_ABOUT THIS EXERCISE_
From the line with "Evolution du taux" to the line with "表面粗糙度對機械加工零件的影響", retype each line exactly as it stands in the records below, but skip the pictures.

RECORDS FOR PROCESSING section start

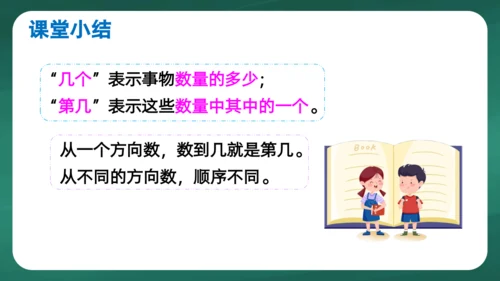 人教版一年级上册3.3 第几课件(共22张PPT)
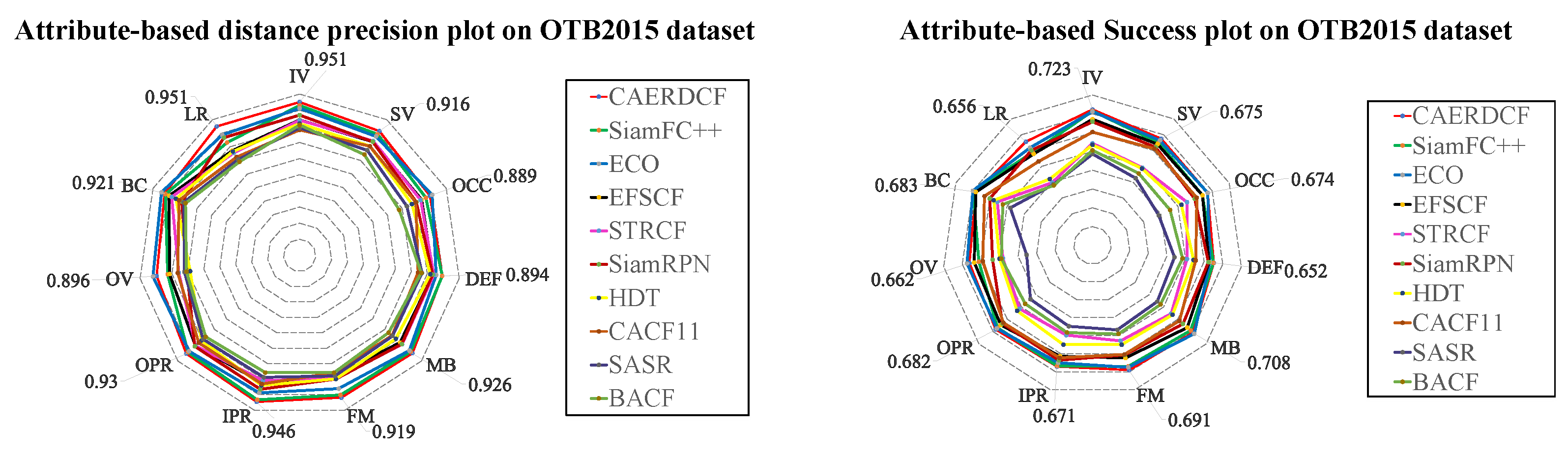 Mathematics 12 02279 g009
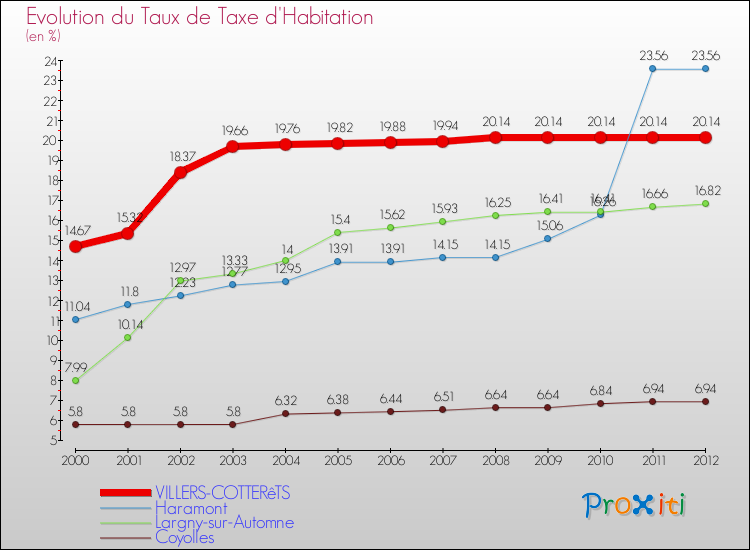 Evolution du taux de la taxe d'habitation pour VILLERS-COTTERêTS et les communes proches Comparaison des taux de la taxe d'habitation pour VILLERS-COTTERêTS et les communes voisines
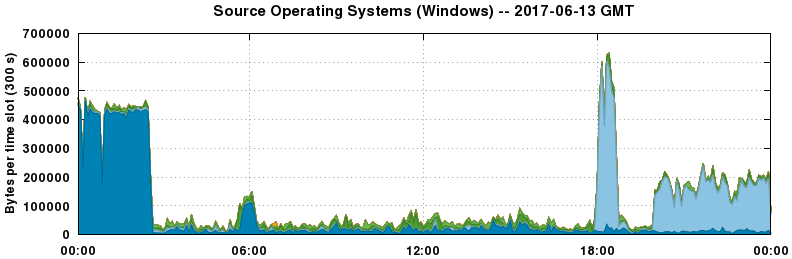 Source Operating Systems (Windows)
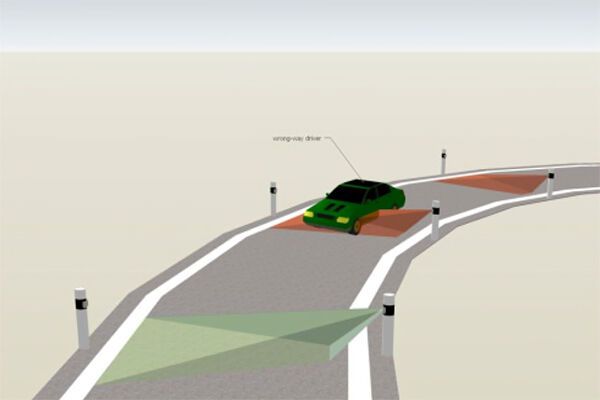 Bild 8 a: Etwa 1800 Falschfahrer werden jährlich auf 13.000 Kilometern Bundesautobahnen plus rund 3350 Kilometer autobahnähnlich ausgebauten Bundesstraßen registriert.  (Bild: Siemens, Infineon)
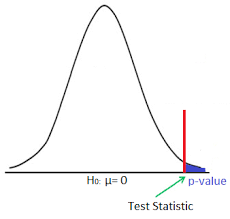 p value calculator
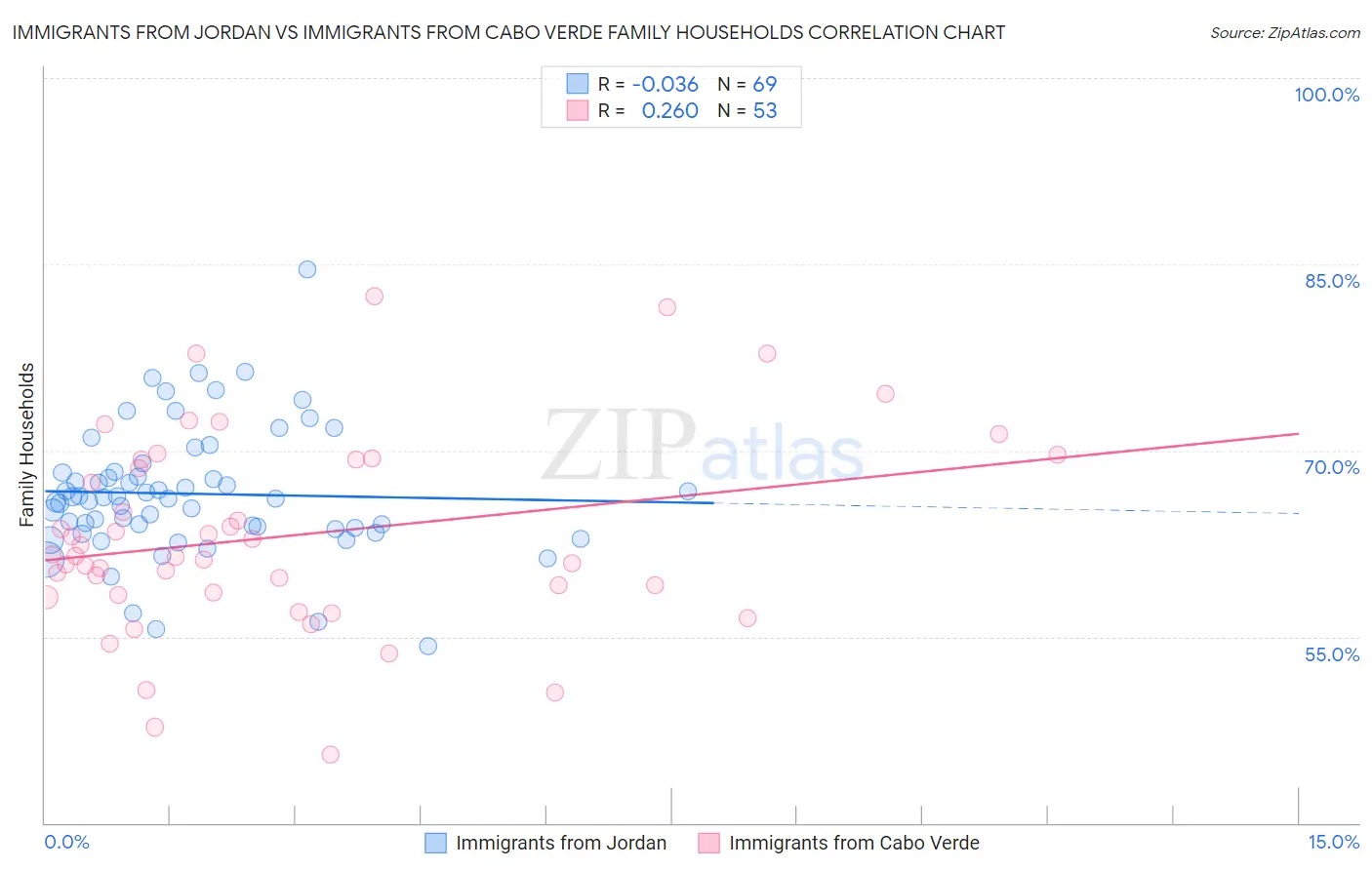 Immigrants from Jordan vs Immigrants from Cabo Verde Family Households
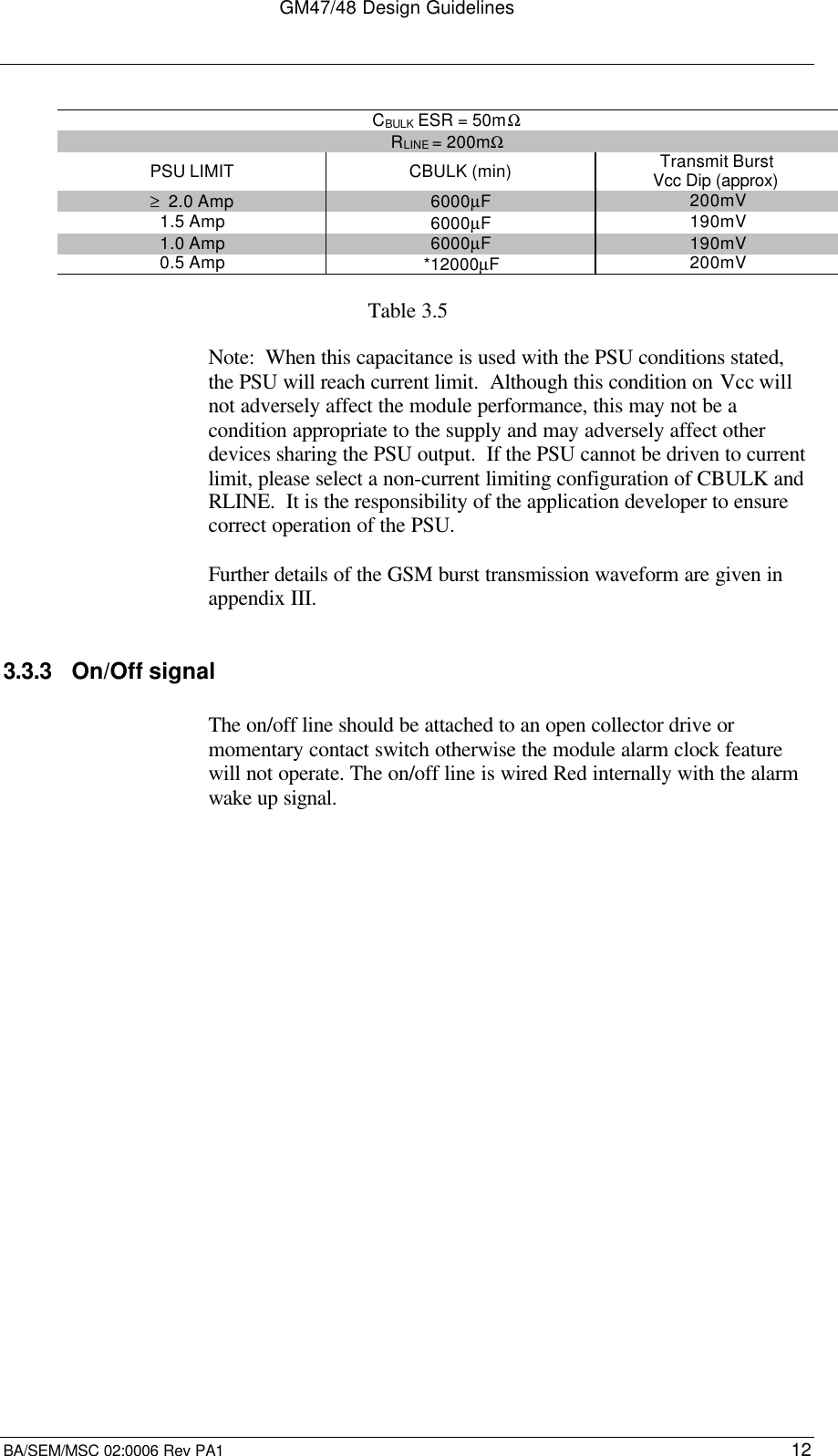 GM47/48 Design GuidelinesBA/SEM/MSC 02:0006 Rev PA1 12CBULK ESR = 50mΩRLINE = 200mΩPSU LIMIT CBULK (min) Transmit BurstVcc Dip (approx)≥  2.0 Amp 6000µF200mV1.5 Amp 6000µF190mV1.0 Amp 6000µF190mV0.5 Amp *12000µF200mVTable 3.5Note:  When this capacitance is used with the PSU conditions stated,the PSU will reach current limit.  Although this condition on Vcc willnot adversely affect the module performance, this may not be acondition appropriate to the supply and may adversely affect otherdevices sharing the PSU output.  If the PSU cannot be driven to currentlimit, please select a non-current limiting configuration of CBULK andRLINE.  It is the responsibility of the application developer to ensurecorrect operation of the PSU.Further details of the GSM burst transmission waveform are given inappendix III.3.3.3 On/Off signalThe on/off line should be attached to an open collector drive ormomentary contact switch otherwise the module alarm clock featurewill not operate. The on/off line is wired Red internally with the alarmwake up signal.
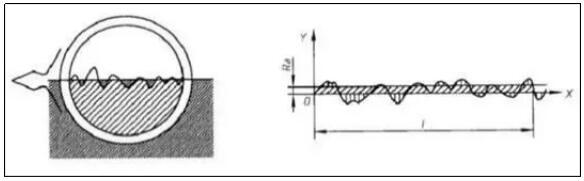 表面粗糙度對機械加工零件的影響
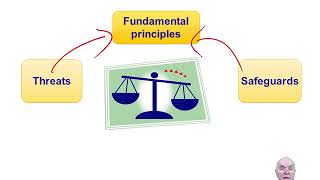 Professionalism ethical codes and the public interest  ACCA Strategic Business Leader SBL [upl. by Adnhoj]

RECORDS FOR PROCESSING section end

_WRITTEN ANSWER_
 Evolution du taux de la taxe d'habitation pour VILLERS-COTTERêTS et les communes proches Comparaison des taux de la taxe d'habitation pour VILLERS-COTTERêTS et les communes voisines
 Source Operating Systems (Windows)
 Bild 8 a: Etwa 1800 Falschfahrer werden jährlich auf 13.000 Kilometern Bundesautobahnen plus rund 3350 Kilometer autobahnähnlich ausgebauten Bundesstraßen registriert.  (Bild: Siemens, Infineon)
 p value calculator
 Immigrants from Jordan vs Immigrants from Cabo Verde Family Households
 GM47/48 Design GuidelinesBA/SEM/MSC 02:0006 Rev PA1 12CBULK ESR = 50mΩRLINE = 200mΩPSU LIMIT CBULK (min) Transmit BurstVcc Dip (approx)≥  2.0 Amp 6000µF200mV1.5 Amp 6000µF190mV1.0 Amp 6000µF190mV0.5 Amp *12000µF200mVTable 3.5Note:  When this capacitance is used with the PSU conditions stated,the PSU will reach current limit.  Although this condition on Vcc willnot adversely affect the module performance, this may not be acondition appropriate to the supply and may adversely affect otherdevices sharing the PSU output.  If the PSU cannot be driven to currentlimit, please select a non-current limiting configuration of CBULK andRLINE.  It is the responsibility of the application developer to ensurecorrect operation of the PSU.Further details of the GSM burst transmission waveform are given inappendix III.3.3.3 On/Off signalThe on/off line should be attached to an open collector drive ormomentary contact switch otherwise the module alarm clock featurewill not operate. The on/off line is wired Red internally with the alarmwake up signal.
 表面粗糙度對機械加工零件的影響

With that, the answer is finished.